Sunday, February 24, 2013

Midway Island - Plastic Disaster


I came across a video on Facebook today and 
had to post it on my blog immediately. 
This video is about an island in the ocean called 
Midway Atoll or Midway Island.

This island is 2.4 square miles and is roughly 
equidistant between North America and Asia.

Nobody lives on this island, only birds.

The photographs taken show how the
 plastic debris in our oceans create a devastating 
effect on the birds who live on this island.  

It brought tears to my eyes and gave me 
greater conviction to continue creating art
that communicates the severity of the
environmental crisis that plagues our world.

Please watch.



Sunday, February 3, 2013

Artist Re-using Plastic


Oh! It has been too long since I last posted on my blog!
Alas, it is time to start posting again.

I am happy to say that my interest in Eco-art is still alive and well!

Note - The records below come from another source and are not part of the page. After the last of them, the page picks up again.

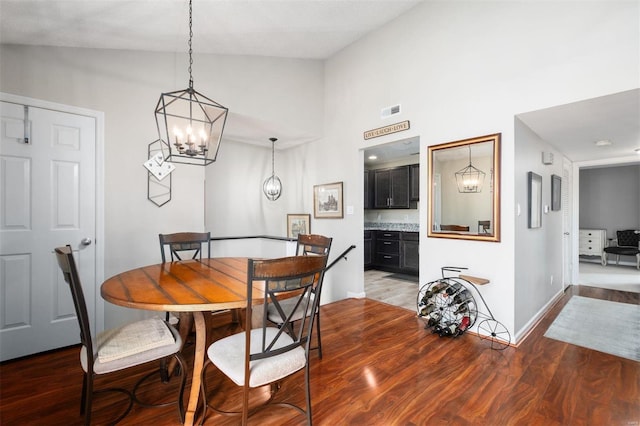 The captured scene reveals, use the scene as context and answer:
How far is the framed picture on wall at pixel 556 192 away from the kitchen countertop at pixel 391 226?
2379mm

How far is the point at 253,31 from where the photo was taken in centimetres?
334

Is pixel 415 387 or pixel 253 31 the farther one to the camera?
pixel 253 31

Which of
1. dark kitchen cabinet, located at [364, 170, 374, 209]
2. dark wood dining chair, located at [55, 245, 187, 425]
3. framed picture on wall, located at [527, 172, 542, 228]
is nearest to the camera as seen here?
dark wood dining chair, located at [55, 245, 187, 425]

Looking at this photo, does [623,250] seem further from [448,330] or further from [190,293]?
[190,293]

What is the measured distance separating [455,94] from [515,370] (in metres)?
2.65

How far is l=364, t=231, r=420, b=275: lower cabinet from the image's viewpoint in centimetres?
598

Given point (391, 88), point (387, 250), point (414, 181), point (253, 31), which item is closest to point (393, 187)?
point (414, 181)

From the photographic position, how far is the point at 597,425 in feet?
5.76

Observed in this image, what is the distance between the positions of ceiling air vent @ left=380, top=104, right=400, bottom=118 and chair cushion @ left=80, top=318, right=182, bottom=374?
331cm

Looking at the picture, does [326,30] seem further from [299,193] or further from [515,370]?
[515,370]

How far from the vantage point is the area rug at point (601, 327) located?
9.21ft

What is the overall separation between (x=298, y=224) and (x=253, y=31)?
121 inches

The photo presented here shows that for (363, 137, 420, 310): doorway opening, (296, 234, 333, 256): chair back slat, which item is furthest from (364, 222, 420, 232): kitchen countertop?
(296, 234, 333, 256): chair back slat

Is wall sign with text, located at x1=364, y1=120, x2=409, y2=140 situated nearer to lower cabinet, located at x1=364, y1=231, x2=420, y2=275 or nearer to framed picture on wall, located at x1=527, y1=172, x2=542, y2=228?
framed picture on wall, located at x1=527, y1=172, x2=542, y2=228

I recently came across an article in the magazine, "Art in America" that featured the artist, Aurora Robson. She is an artist that re-uses plastic bottles and transforms them into colorful sculptures. When asked if there are other artists who work with recycled materials that inspire her, she said the following:

"What I'm doing is interrupting the waste stream - so the bottles I use don't really get recycled. What I'm doing is transforming them so they don't even have to go through the environmentally costly recycling process."

I love this! This is how I see my work when I re-use plastic bottle caps.

I also like what Robson says about her role as an artist. She says,
"Part of why I have such a hard time with the role of the artist and with dedicating myself to making art is that I really don't think the planet needs more stuff - even if it's art. I feel more comfortable transforming as opposed to producing. If transformation is part of producing a new piece of artwork, I'm cool with that, but if it's just about mining more materials from our planet to make stuff, I have a really hard time with that."

I couldn't agree more. This just makes so much sense to me. 

It is in this article that I learned more about the natural disaster that Greenpeace calls, 
the "Trash Vortex" or the "Eastern Garbage Patch." 
This is referring to the vast, 100-million ton accumulation of garbage in the
Pacific Ocean - the one that spreads out over a territory the size of Texas. 
This natural disaster has a lot to do with plastic bottles.



This article made me think, "W
hat about the plastic caps that went with those bottles?!"

Discovering this article really gave me extra motivation to get moving
on creating another bottle cap mural. Most likely, this is going to happen
in the context of teaching. My students at school have been collecting
plastic caps since the beginning of the school year. It is time to get started!


Photos taken from various angles, of the mixed-media sculpture
What Goes Around, Comes Around (2008) by Aurora Robson.
The large-scale work was made from approximately 9000 plastic
bottles that were, as Robson says, "saved from the waste stream."